Retrotechtacular: Mechanical Arithmetic For The Masses

Last month we carried a piece looking at the development of the 8-bit home computer market through the lens of the British catalogue retailer Argos and their perennial catalogue of dreams. As an aside, we mentioned that the earliest edition from 1975 contained some of the last mechanical calculators on the market, alongside a few early electronic models. This month it’s worth returning to those devices, because though they are largely forgotten now, they were part of the scenery and clutter of a typical office for most of the century.

The Summa's internals, showing the register on the right and the type wheels on the left.
The Summa’s internals, showing the register on the right and the type wheels on the left.

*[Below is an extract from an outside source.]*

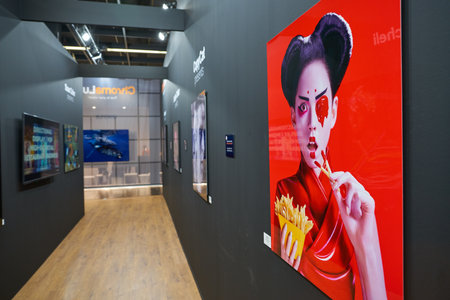 COLOGNE, GERMANY - CIRCA SEPTEMBER, 2018: interior shot of Photokina Exhibition. Photokina is a trade fair held in Europe for the photographic and imaging industries.のeditorial素材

Somewhere in storage I have one of the models featured in the catalogue, an Olivetti Summa Prima. I happened upon it in a dumpster as a teenager looking for broken TVs to scavenge for parts, cut down a pair of typewriter ribbon reels to fit it, and after playing with it for a while added it to my store of random tech ephemera. It’s a compact and stylish desktop unit from about 1970, on its front is a numerical keypad, top is a printer with a holder for a roll of receipt paper and a typewriter-style rubber roller, while on its side is a spring-loaded handle from which it derives its power. It can do simple addition and subtraction in the old British currency units, and operating it is a simple case of punching in a number, pulling the handle, and watching the result spool out on the paper tape. Its register appears to be a set of rotors advanced or retarded by the handle for either addition or subtraction, and its printing is achieved by a set of print bars sliding up to line the correct number with the inked ribbon. For me in 1987 with my LCD Casio Scientific it was an entertaining mechanical curiosity, but for its operators twenty years earlier it must have represented a significant time saving.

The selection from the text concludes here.